By Lana Bluege, Regional Program Coordinator
Coalition of Northeastern Governors
On October 24th the New England environmental commissioners and invited guests met in Portsmouth, NH at the Pease Field Office to discuss regional efforts on various environmental topics and best practices. Due to the history of the Pease Tradeport, it was only natural to discuss Per- and polyfluoroalkyl substances (PFAS), the compound that has been an important topic in regional and national conversations due to various cases of water contamination. Aqueous film forming foam (AFFF), which contains large quantities of PFAS, was originally used to extinguish fires and was prominent in air force training sessions. In 2014 PFAS contamination was detected within wells around the Pease Tradeport and subsequently affected the community around it. Over the years, testing has been underway to determine levels of PFAS in drinking, surface, and ground water. The Pease Tradeport was one of the first sites of contamination and this compound has been popping up in various locations throughout New England since. Around the table, commissioners, EPA Region 1 officials and staff continued the conversation on how to understand this threat and address it properly including the federal task force that was established and statewide testing of not only PFAS but any chemical compound that threatens human safety. Staff at the Pease Tradeport advised NECOE that Portsmouth will also have a new Pease Water Treatment System up and running by the spring of 2019.

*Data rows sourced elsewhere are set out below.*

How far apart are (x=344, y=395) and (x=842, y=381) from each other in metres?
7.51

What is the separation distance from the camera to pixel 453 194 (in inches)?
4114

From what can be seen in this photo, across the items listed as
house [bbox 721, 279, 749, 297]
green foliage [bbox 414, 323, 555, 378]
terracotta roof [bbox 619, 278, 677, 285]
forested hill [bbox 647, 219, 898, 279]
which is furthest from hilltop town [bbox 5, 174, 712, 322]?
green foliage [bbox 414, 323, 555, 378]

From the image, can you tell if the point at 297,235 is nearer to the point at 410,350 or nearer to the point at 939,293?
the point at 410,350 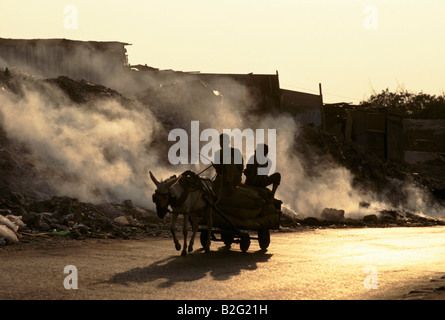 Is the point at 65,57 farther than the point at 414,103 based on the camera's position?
No

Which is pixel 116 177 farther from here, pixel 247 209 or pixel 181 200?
pixel 181 200

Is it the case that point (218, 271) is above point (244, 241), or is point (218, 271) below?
below

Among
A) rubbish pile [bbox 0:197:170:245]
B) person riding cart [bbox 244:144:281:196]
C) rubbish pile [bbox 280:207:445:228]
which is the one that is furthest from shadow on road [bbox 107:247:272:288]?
rubbish pile [bbox 280:207:445:228]

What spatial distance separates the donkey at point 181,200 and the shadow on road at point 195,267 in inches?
18.9

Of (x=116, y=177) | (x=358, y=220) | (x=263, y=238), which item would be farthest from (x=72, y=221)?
(x=358, y=220)

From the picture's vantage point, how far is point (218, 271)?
1171cm

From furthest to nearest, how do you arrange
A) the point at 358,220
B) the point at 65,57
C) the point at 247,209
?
the point at 65,57 → the point at 358,220 → the point at 247,209

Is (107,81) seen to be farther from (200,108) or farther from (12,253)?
(12,253)

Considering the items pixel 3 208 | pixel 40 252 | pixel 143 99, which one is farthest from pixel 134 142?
pixel 40 252

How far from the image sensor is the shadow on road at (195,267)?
10.7 m

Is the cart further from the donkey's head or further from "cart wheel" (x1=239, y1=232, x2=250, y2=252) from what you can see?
the donkey's head

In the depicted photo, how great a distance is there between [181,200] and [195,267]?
1469 mm

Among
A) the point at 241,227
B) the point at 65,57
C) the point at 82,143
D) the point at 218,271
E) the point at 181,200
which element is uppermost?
the point at 65,57

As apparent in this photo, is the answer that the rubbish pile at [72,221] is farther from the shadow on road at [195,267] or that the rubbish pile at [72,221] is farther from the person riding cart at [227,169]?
the person riding cart at [227,169] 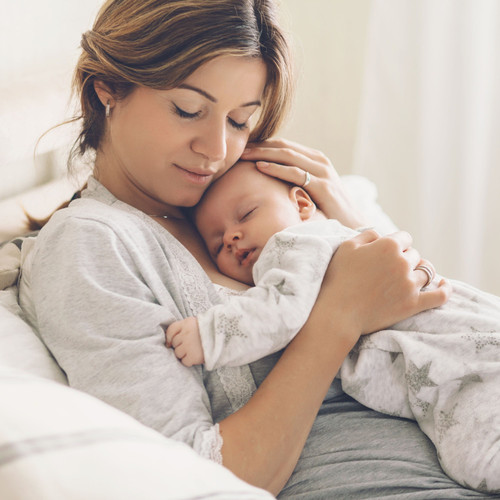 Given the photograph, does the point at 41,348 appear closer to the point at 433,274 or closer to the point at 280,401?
the point at 280,401

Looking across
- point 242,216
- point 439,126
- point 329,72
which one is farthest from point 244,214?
point 329,72

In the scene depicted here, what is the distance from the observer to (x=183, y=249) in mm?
1230

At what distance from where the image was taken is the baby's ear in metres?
1.40

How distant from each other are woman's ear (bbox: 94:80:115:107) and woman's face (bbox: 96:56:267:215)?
0.02 meters

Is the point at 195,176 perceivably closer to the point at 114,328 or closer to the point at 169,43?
the point at 169,43

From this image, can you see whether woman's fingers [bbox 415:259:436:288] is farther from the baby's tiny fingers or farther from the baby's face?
the baby's tiny fingers

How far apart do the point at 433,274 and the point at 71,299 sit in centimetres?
65

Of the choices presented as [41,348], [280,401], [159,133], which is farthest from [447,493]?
[159,133]

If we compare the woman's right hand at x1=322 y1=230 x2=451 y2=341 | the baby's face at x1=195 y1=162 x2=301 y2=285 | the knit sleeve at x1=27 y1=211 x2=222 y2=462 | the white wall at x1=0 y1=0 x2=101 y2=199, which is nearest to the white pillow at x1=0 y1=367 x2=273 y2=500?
the knit sleeve at x1=27 y1=211 x2=222 y2=462

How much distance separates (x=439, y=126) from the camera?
248 centimetres

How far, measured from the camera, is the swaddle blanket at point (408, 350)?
1041 mm

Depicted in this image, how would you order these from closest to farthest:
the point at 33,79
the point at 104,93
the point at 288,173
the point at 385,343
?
1. the point at 385,343
2. the point at 104,93
3. the point at 288,173
4. the point at 33,79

In addition, to the continual discussion on PFAS and safe drinking water, the commissioners invited The Northeast Waste Management Officials Association (NEWMOA) and Executive Director, Terri Goldberg, to the meeting. The discussion focused on the difficult situation New England and the country are facing with the processing of recyclable materials and the current limitations set by China. As a region, it is important to collaborate with one another to discover a solution on how to handle the quantity of plastics that burden our region and the world while promoting and communicating similar standards and guidelines to the public on how to properly dispose of these recyclable materials. Commissioners will have a follow-up discussion and determine how the region will move forward.
While the majority of the commissioners will meet this upcoming winter for their quarterly meeting, we would like to say thank you and good luck to Commissioner Paul Mercer (Maine DEP) and Commissioner Rob Klee (Connecticut DEEP) who will likely continue their altruistic stewardship and passion in their next chapter of their career and life.